Whatever her source, while the embroiderer has taken care to include the Magdalene’s traditional identifying symbols — long hair, a jar of ointment, a skull and a cross — there is a marked difference between typical imagery and the embroidered version. In the latter, the cross is so large it appears less an attribute than a context; Mary is apparently present in the landscape of Christ’s sacrifice, rather than situated in an anonymous wilderness. This is a slightly contentious point, as early modern embroiders adopted a very flexible approach to relative size. Mary Brooks attributes incongruities in scale to the embroiderers’ method of copying designs from printed sources through pricking rather than scaling, but pattern books such as Shorleyker’s A schole-house for the needle (1632) did include grids for scaling, and this would have been a fairly simple section to make smaller.(46)

The Penitent Magdalene, painting, unknown maker, England, 1570-99, oil on panel. Museum no. 1430471. © National Trust Images

Figure 12. The Penitent Magdalene, painting, unknown maker, England, 1570-99, oil on panel. Museum no. 1430471. © National Trust Images

Therefore while needlework always maintained an independent aesthetic taste and formal tradition that cannot be reduced to available print sources, the composition of the image arguably also distances this embroidery from typical penitent Magdalene iconography. Engaging its beholder, it makes sense less as a narrative illustration of a biblical scene, or exemplar of moral behaviour, than as a devotional image.

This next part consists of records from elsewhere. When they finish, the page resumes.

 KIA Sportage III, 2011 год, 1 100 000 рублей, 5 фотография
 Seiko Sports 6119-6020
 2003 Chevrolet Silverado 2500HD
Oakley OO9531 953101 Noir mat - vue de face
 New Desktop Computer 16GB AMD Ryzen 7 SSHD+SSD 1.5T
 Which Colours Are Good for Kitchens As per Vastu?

In doing so, it has the flatness of an icon, an invitation for the more metaphysical kind of contemplation associated with affective Catholic worship, and with the Magdalene in her role as the conduit of religious experience.

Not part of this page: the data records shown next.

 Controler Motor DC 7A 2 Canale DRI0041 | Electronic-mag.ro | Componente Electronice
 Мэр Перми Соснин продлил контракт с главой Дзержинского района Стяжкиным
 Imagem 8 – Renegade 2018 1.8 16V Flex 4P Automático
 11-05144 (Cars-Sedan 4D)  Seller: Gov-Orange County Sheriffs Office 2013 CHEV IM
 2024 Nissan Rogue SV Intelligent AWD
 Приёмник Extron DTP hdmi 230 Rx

Catholic devotion to Mary Magdalene

Embroidered altar frontal, unknown maker, England, about 1600, satin with silk embroidery. Museum no. 817-1901. © Victoria and Albert Museum, London

Figure 13. Embroidered altar frontal, unknown maker, England, about 1600, satin with silk embroidery. Museum no. 817-1901. © Victoria and Albert Museum, London

While her popularity was not confined to Catholics, Mary Magdalene has a distinguished place in Counter-Reformation worship. Recent scholarship has focused on the Magdalene’s role as a physical connection to the body of Christ, analysing how her loss of Christ’s body served as a parallel to Catholics’ loss of his sacramental presence. As Patricia Badir explains, ‘In diverse early modern sources, the Magdalene is an exemplar of visible things able to give imaginative form to the events central in Christian culture […] [She has the] ability to materialise the immaterial, lending appreciable shape to the experience of faith’.(47) This conceptualisation of the Magdalene was particularly resonant with English Catholics of the early modern period as ‘Mary Magdalene and English Catholics shared a common trial of faith — the loss of Christ’s body’.(48) In this way, the figure of the Magdalene served as a focal point for Catholics, a powerful symbol of enduring Christian memory.

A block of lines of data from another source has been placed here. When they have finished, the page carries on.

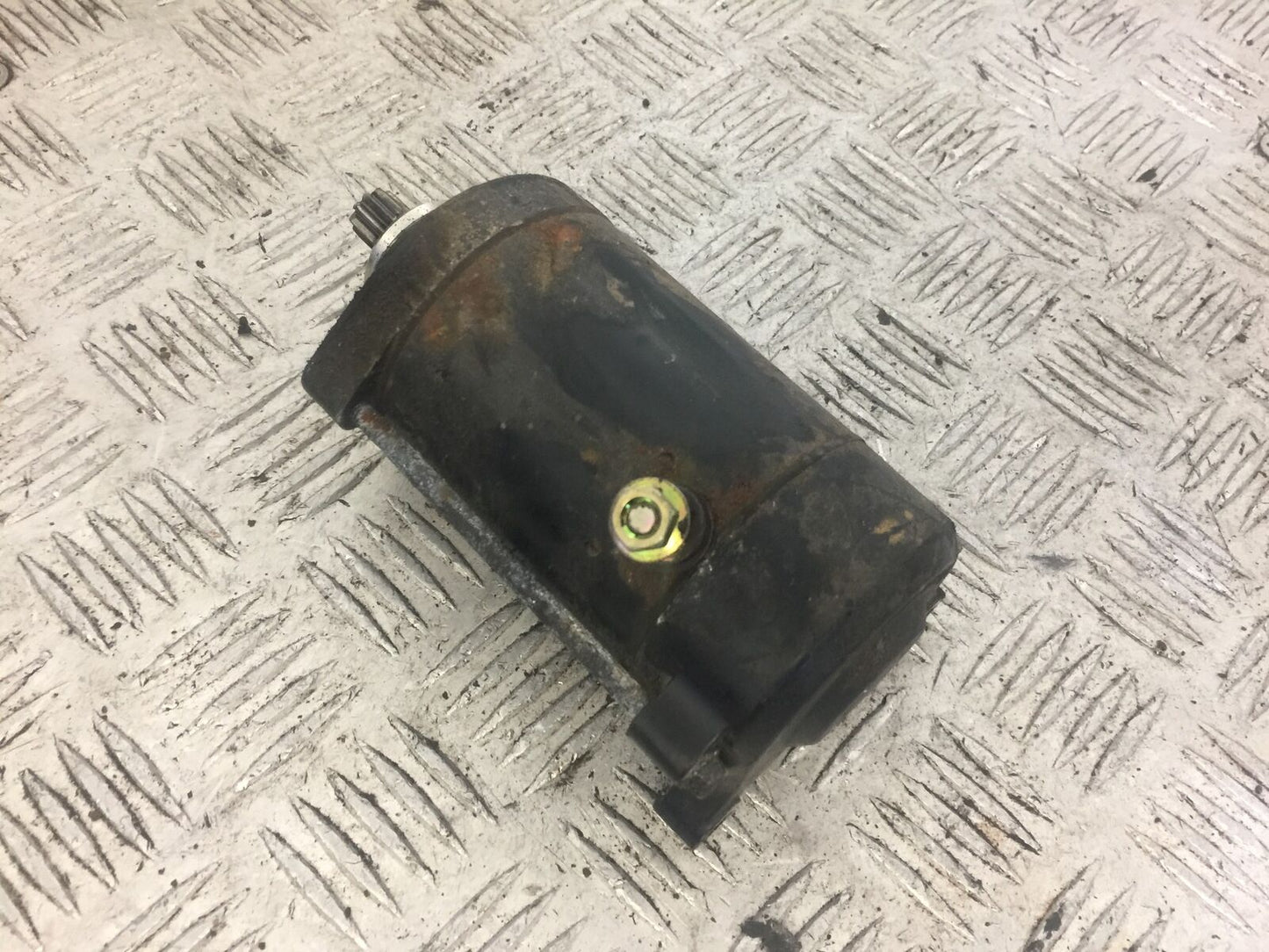 KAWASAKI ZZR1200 ZZR 1200 STARTER MOTOR    2002-2005 (STOCK 678)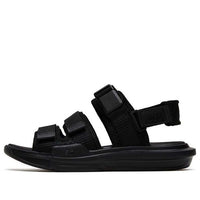ANTA BaDao Sandals 'Black' 112338502-4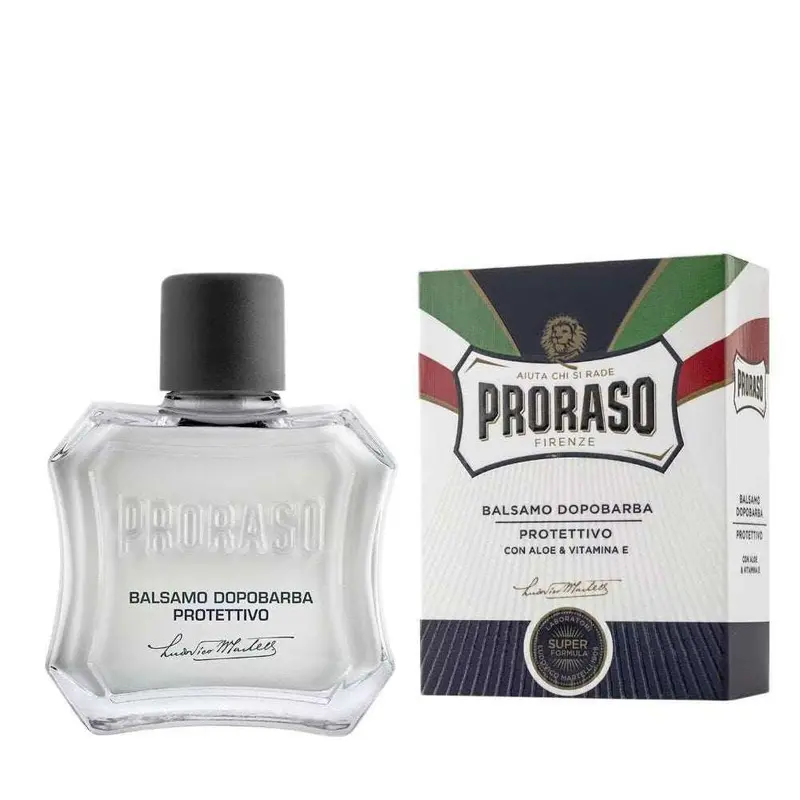 Aftershave Balsam Blaue Linie - Proraso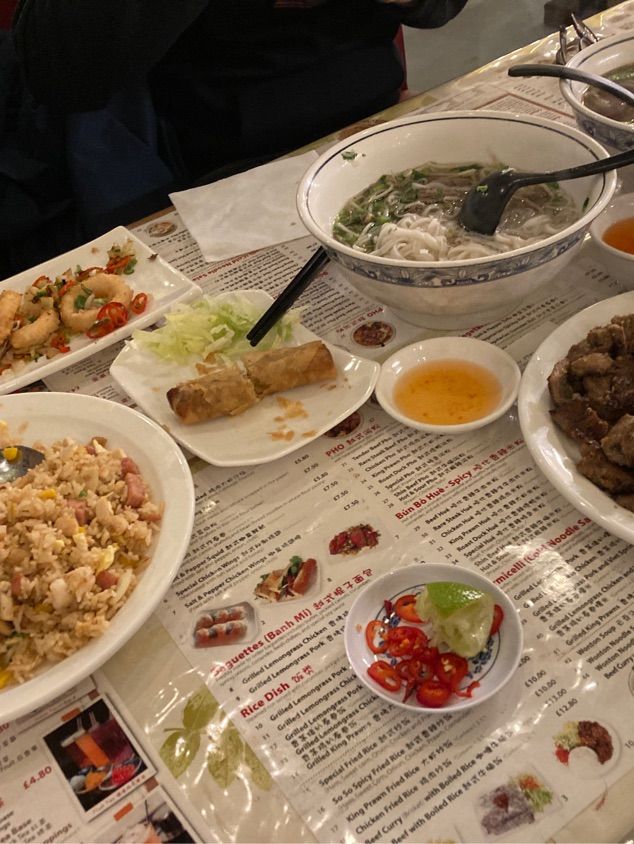 位於考文垂的超平價越南餐廳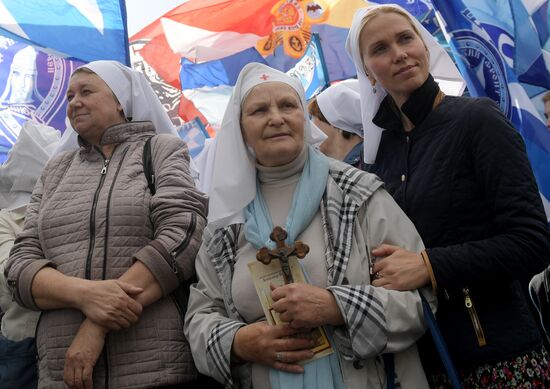 Russia Orthodox Saint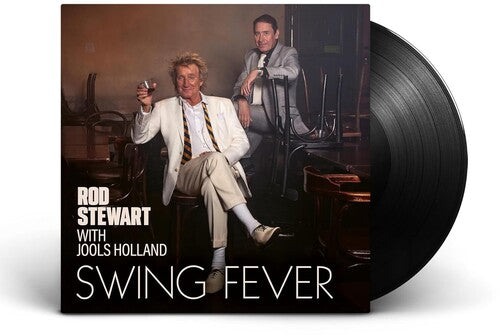 Picture of the Music Record - Swing Fever by Rod Stewart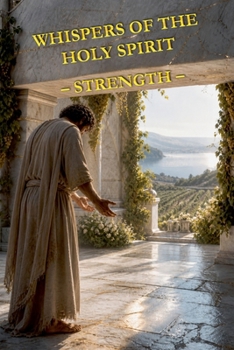 Paperback Whispers of the Holy Spirit - Strength Book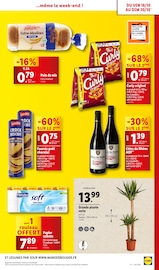 Jardinage Angebote im Prospekt "OFFRES EXCLUSIVES Lidl Plus ! ENCORE +++ DE PROMOS" von Lidl auf Seite 39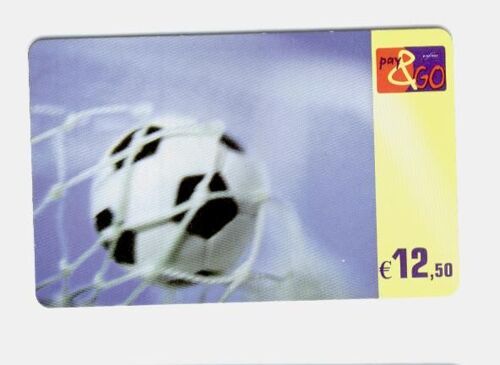 Telecarte De Belgique Proximus Ballon  12,50 Euros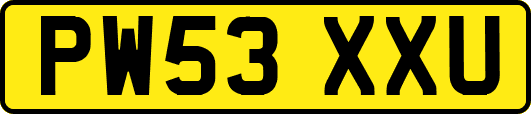 PW53XXU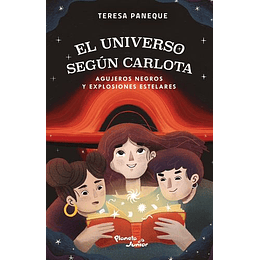 El Universo Segun Carlota 2 - Agujeros Negros Y Explosiones Estelares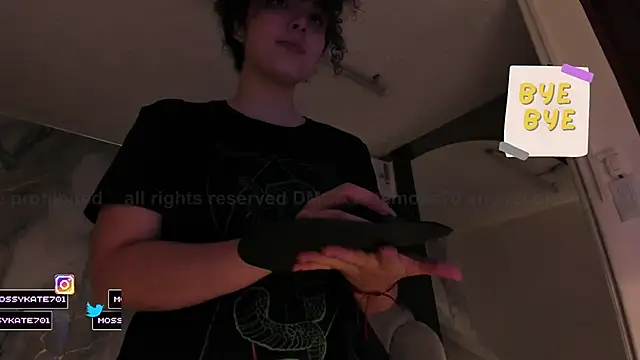 Chat +18 de Katemoss70 ao vivo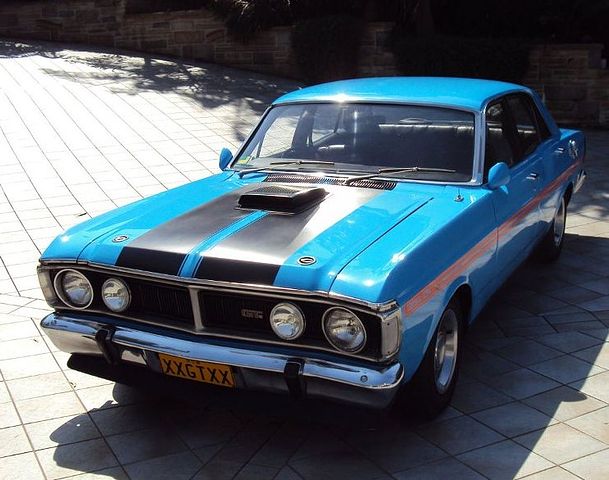 XY GT Falcon Replica - Image 38288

One way in which English Catholics maintained an active memory of their proscribed faith was through objects. Despite widespread destruction of Catholic material culture, we know from contemporary inventories that some households maintained the material trappings of Catholicism, including paintings and textiles. The Northampton home of the Catholic Earl of Northampton, Henry Howard, contained tapestries of the Story of Christ, and images of the Virgin Mary, St Francis, Christ holding his cross, and the three Marys at Christ’s tomb.(49) A late 16th-century painting on panel now in the National Trust’s collection at Chastleton House shows a penitent Magdalene reading, although it is unknown whether the painting formed part of the collection of the Catholic – and Gunpowder Plotter – Robert Catesby who owned the original Chastleton (fig. 12). Some Catholic houses also included ‘hiding places for the altar furniture, books, vestments and other necessary paraphernalia’ for Catholic mass.(50) These objects were often richly embroidered with images of saints, such as an altar cloth decorated with 16th-century needlework, including an image of Mary Magdalene, thought to have come from the Catholic Huddlestone family of Sawston, Cambridgeshire (fig. 13).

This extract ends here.